Unable to get a CSI volume registered

Hi,

so I wanted to get my hands dirty with the CSI volumes business a came across a quite typical roadblock with our company, which is the internal corporate proxy. In a nutshell all my AWS account traffic is routed via the on prem network, border control is enforced and we’re off into the www.

I was able to successfully deploy the AWS EBS CSI controller and client containers following the official guide. IAM policy is in place, all that that config stuff is taken care of…

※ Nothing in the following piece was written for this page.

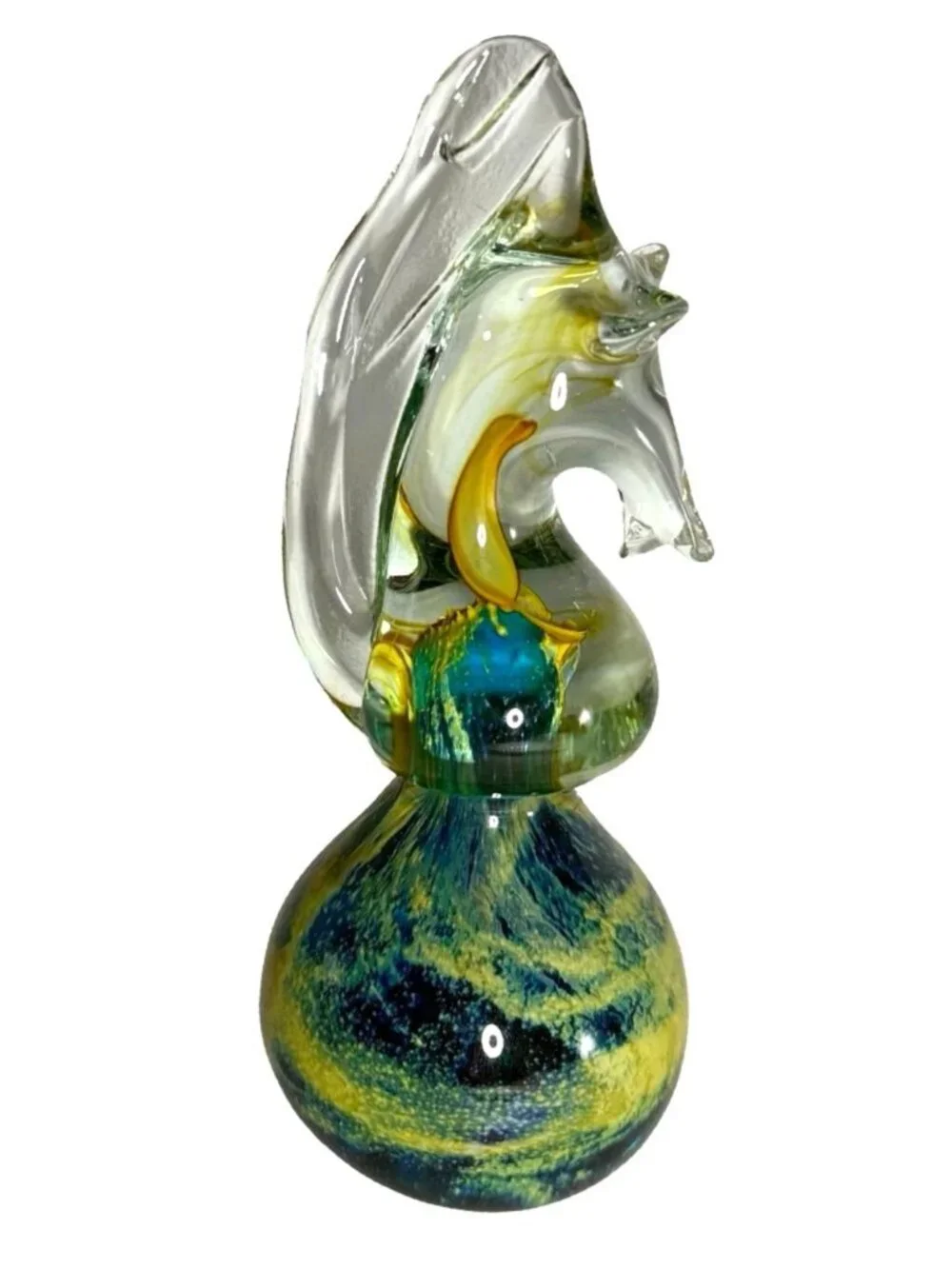 Art Glass SeaHorse Sculpture With Yellow & Blue Swirl Signed Mdina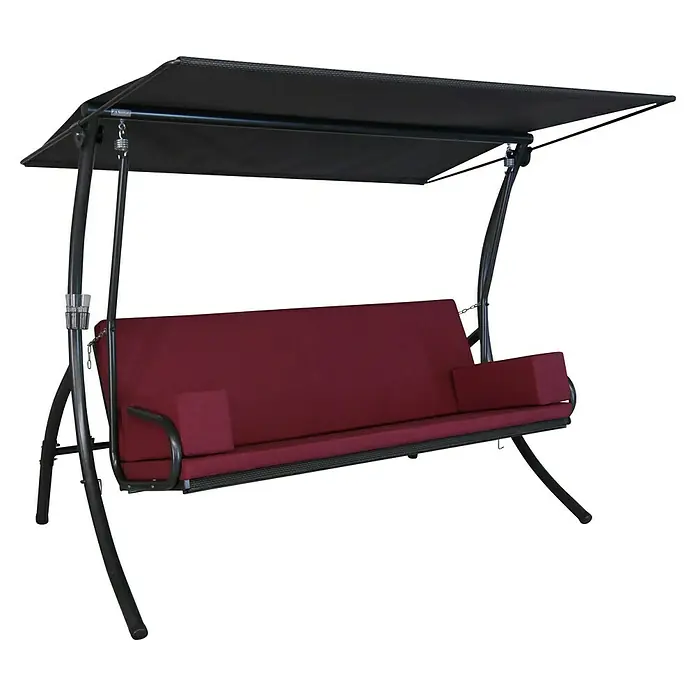 Angerer Hollywoodschaukel Elegance Tolar - B x T x H: 210 x 145 x 160 cm, Rot, Liegefunktion - Abgebildete, dunkelrote Hollywoodschaukel mit schwarzem Rahmen und Überdachung, ideal zum Entspannen im Garten oder auf der Terrasse.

  • Nomad version is 1.0.0
  • Both container running on the same machine

Logs from the nodes container:

I1210 12:55:34.132139 1 driver.go:68] Driver: ebs.csi.aws.com Version: v0.8.0
W1210 12:55:37.364275 1 metadata.go:136] Failed to parse the outpost arn:
I1210 12:55:37.364753 1 mount_linux.go:153] Detected OS without systemd
I1210 12:55:37.365614 1 driver.go:138] Listening for connections on address: &net.UnixAddr{Name:“/csi/csi.sock”, Net:“unix”}
I1210 12:55:40.161131 1 node.go:367] NodeGetInfo: called with args {XXX_NoUnkeyedLiteral:{} XXX_unrecognized: XXX_sizecache:0}
I1210 12:55:40.162960 1 node.go:351] NodeGetCapabilities: called with args {XXX_NoUnkeyedLiteral:{} XXX_unrecognized: XXX_sizecache:0}
I1210 12:56:10.164083 1 node.go:351] NodeGetCapabilities: called with args {XXX_NoUnkeyedLiteral:{} XXX_unrecognized: XXX_sizecache:0}
I1210 12:56:40.165448 1 node.go:351] NodeGetCapabilities: called with args {XXX_NoUnkeyedLiteral:{} XXX_unrecognized: XXX_sizecache:0}
I1210 12:57:10.166583 1 node.go:351] NodeGetCapabilities: called with args {XXX_NoUnkeyedLiteral:{} XXX_unrecognized: XXX_sizecache:0}
I1210 12:57:40.167928 1 node.go:351] NodeGetCapabilities: called with args {XXX_NoUnkeyedLiteral:{} XXX_unrecognized: XXX_sizecache:0}
I1210 12:58:10.168914 1 node.go:351] NodeGetCapabilities: called with args {XXX_NoUnkeyedLiteral:{} XXX_unrecognized: XXX_sizecache:0}
I1210 12:58:40.170301 1 node.go:351] NodeGetCapabilities: called with args {XXX_NoUnkeyedLiteral:{} XXX_unrecognized: XXX_sizecache:0}

Logs from the controller container:

I1210 12:54:58.651043 1 driver.go:68] Driver: ebs.csi.aws.com Version: v0.8.0
W1210 12:55:01.896980 1 metadata.go:136] Failed to parse the outpost arn:
I1210 12:55:01.897598 1 driver.go:138] Listening for connections on address: &net.UnixAddr{Name:“/csi/csi.sock”, Net:“unix”}
I1210 12:55:04.688972 1 controller.go:334] ControllerGetCapabilities: called with args {XXX_NoUnkeyedLiteral:{} XXX_unrecognized: XXX_sizecache:0}
I1210 12:55:34.690141 1 controller.go:334] ControllerGetCapabilities: called with args {XXX_NoUnkeyedLiteral:{} XXX_unrecognized: XXX_sizecache:0}
I1210 12:56:04.691342 1 controller.go:334] ControllerGetCapabilities: called with args {XXX_NoUnkeyedLiteral:{} XXX_unrecognized: XXX_sizecache:0}
I1210 12:56:34.693708 1 controller.go:334] ControllerGetCapabilities: called with args {XXX_NoUnkeyedLiteral:{} XXX_unrecognized: XXX_sizecache:0}

So the next step would be to register the volume. And here’s where things get hairy. The command times out with the controller showing different log entries:

driver.go:115] GRPC error: rpc error: code = Internal desc = Could not get volume with ID “vol-06ec063b1287cb0cd”: RequestCanceled: request context canceled
caused by: context canceled

or

driver.go:115] GRPC error: rpc error: code = Internal desc = Could not get volume with ID “vol-06ec063b1287cb0cd”: RequestCanceled: request context canceled
caused by: context deadline exceeded

or

driver.go:115] GRPC error: rpc error: code = Internal desc = Could not get volume with ID “vol-06ec063b1287cb0cd”: RequestError: send request failed
caused by: Post “https://ec2.eu-central-1.amazonaws.com/”: dial tcp 54.239.55.102:443: i/o timeout

Well especially the last error had my attention.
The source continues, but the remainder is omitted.